* **Brief**
Copy all the lines of the listing below exactly. Skip the images.

***** Input material *****

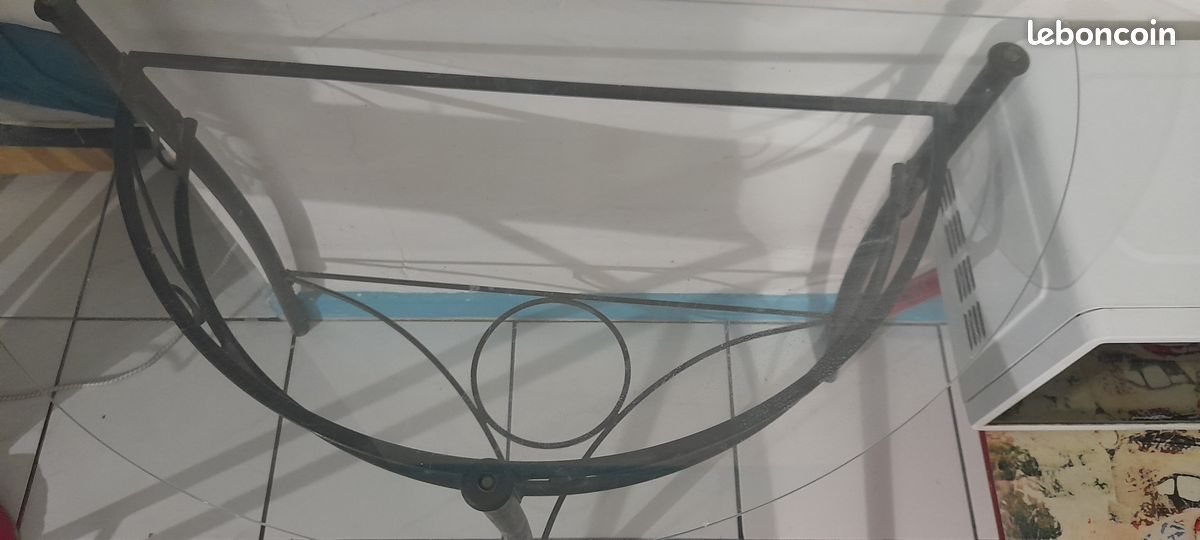 Table en verre (image 1)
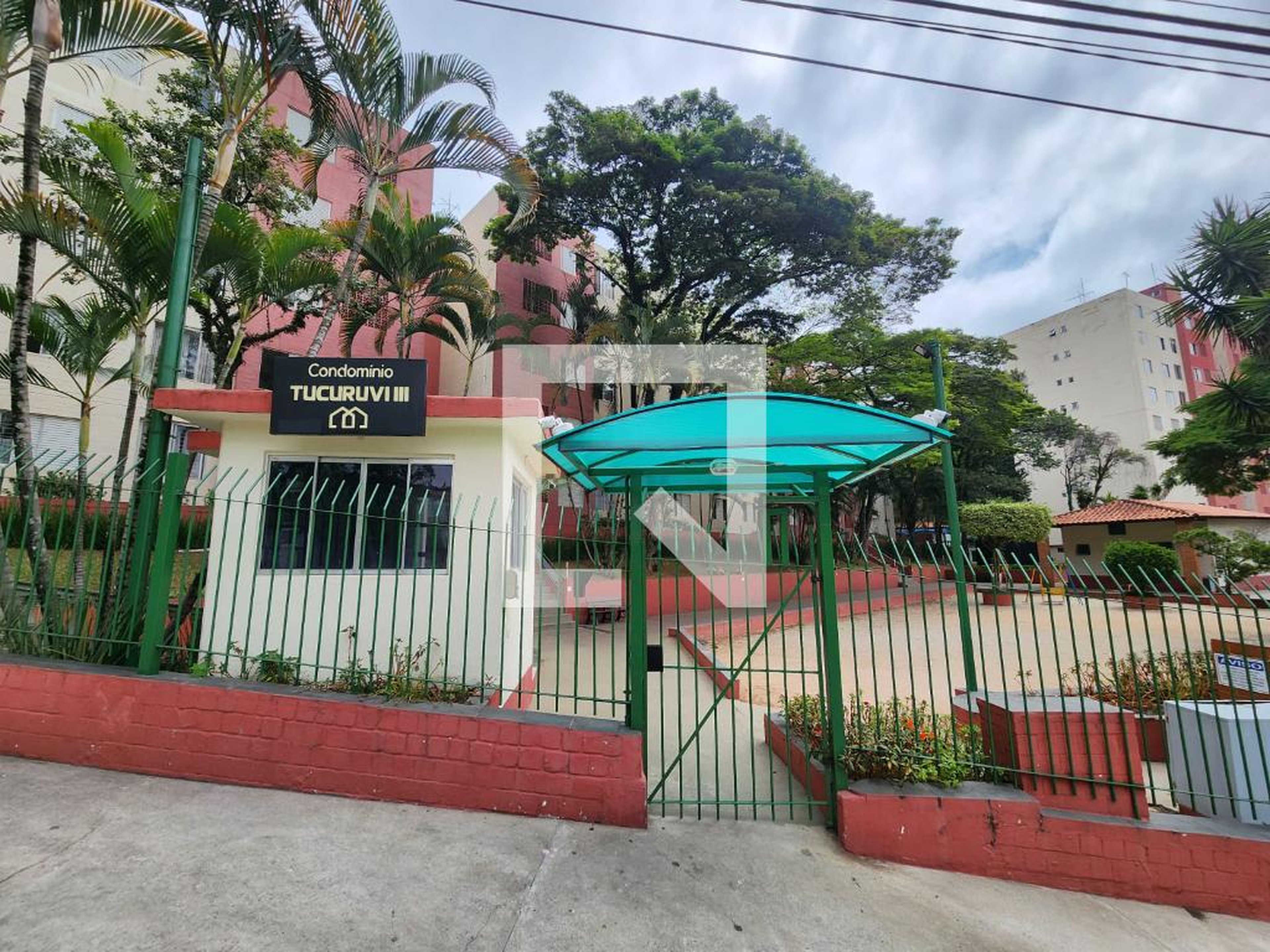 Fachada Condomínio Conjunto Habitacional Tucuruvi III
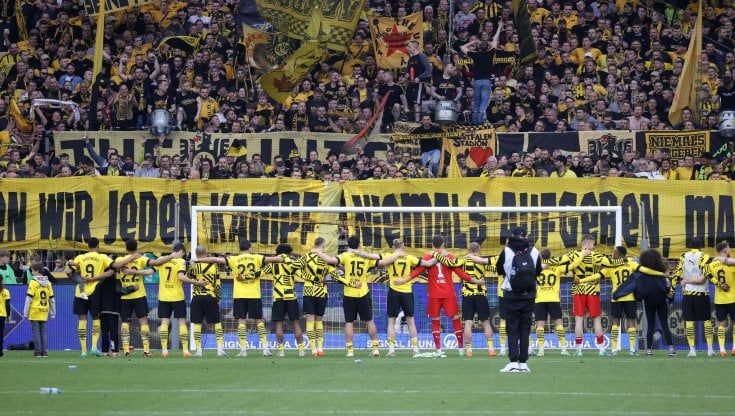 Bundesliga, il Borussia Dortmund ne fa 6 al Wolfsburg e resta a -1 dal Bayern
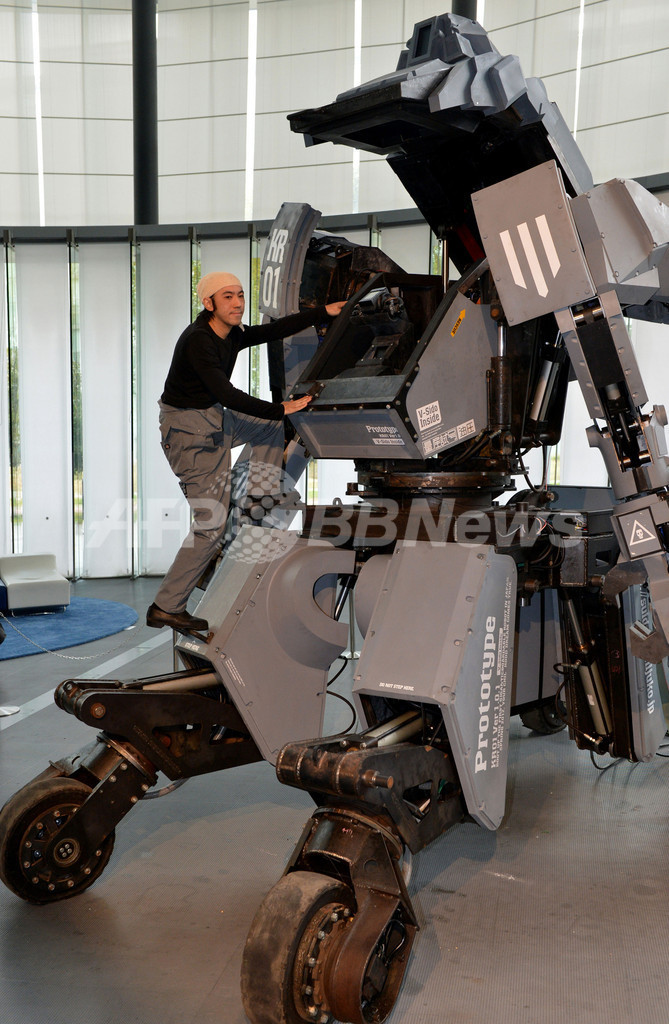 乗り込んで操縦できる人型ロボ「KURATAS」、価格は100万ドル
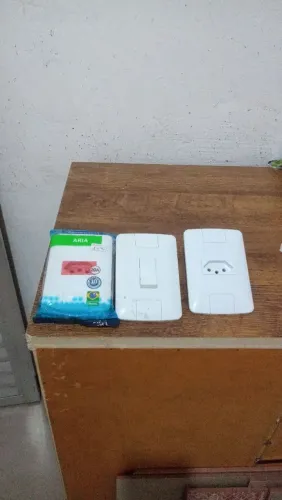 Tomada 20a ,10a e interruptor 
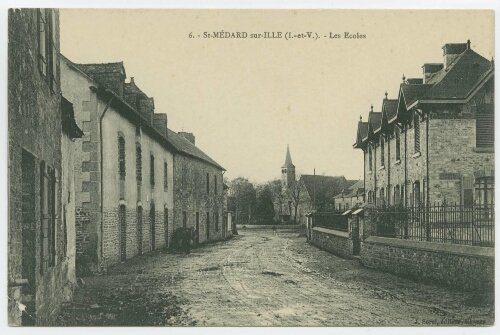 St-MEDARD-sur-ILLE (I.-et-V.). - Les Ecoles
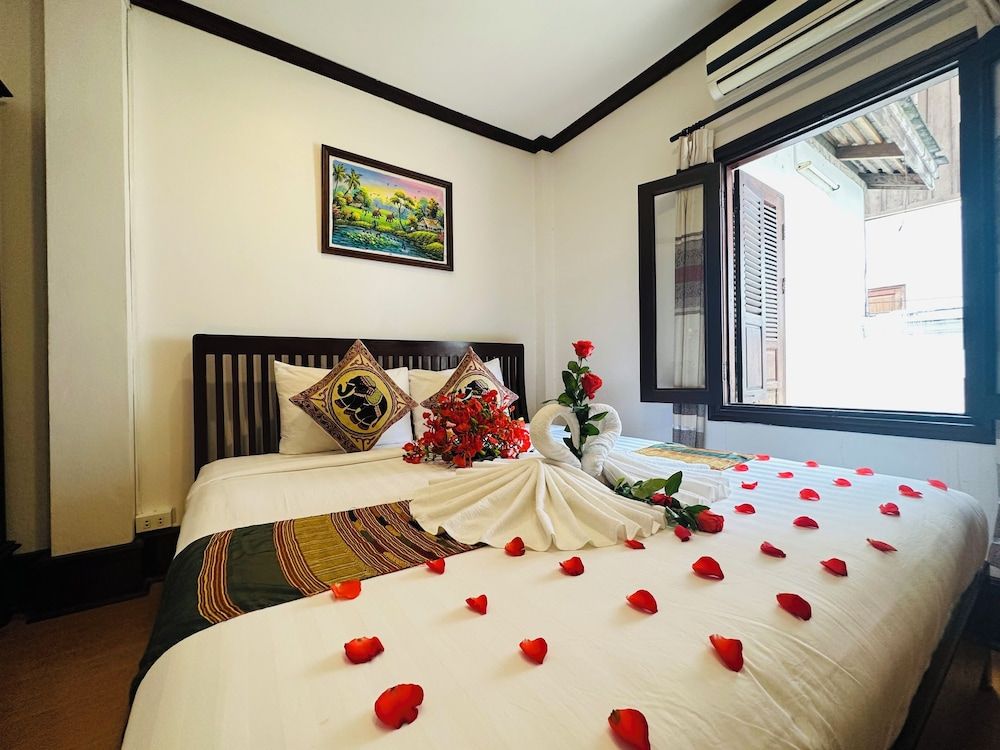 Thatsaphone Hotel Superior Double Room 12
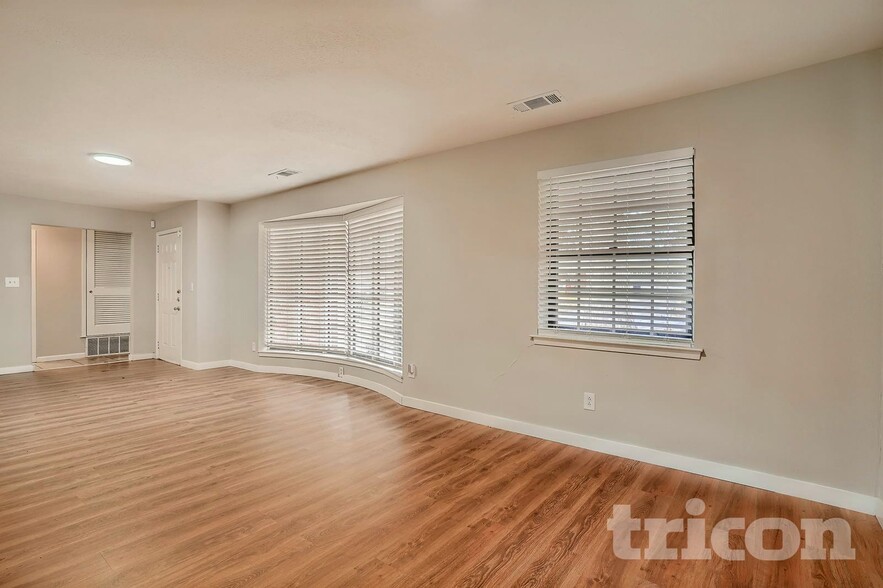 Building Photo - 3605 Wren Ave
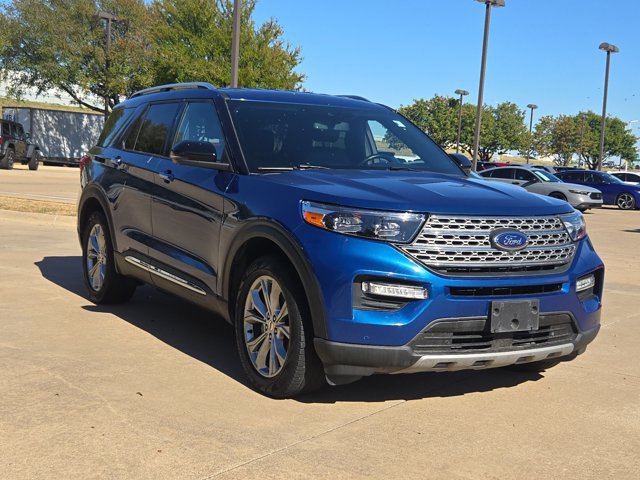 Used 2020 Ford Explorer Limited AWD/4WD image 3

*****

* **Result of the task**
 Table en verre (image 1)
 Fachada Condomínio Conjunto Habitacional Tucuruvi III
 Bundesliga, il Borussia Dortmund ne fa 6 al Wolfsburg e resta a -1 dal Bayern
 乗り込んで操縦できる人型ロボ「KURATAS」、価格は100万ドル
 Tomada 20a ,10a e interruptor 
 St-MEDARD-sur-ILLE (I.-et-V.). - Les Ecoles
 Thatsaphone Hotel Superior Double Room 12
 Building Photo - 3605 Wren Ave
 Used 2020 Ford Explorer Limited AWD/4WD image 3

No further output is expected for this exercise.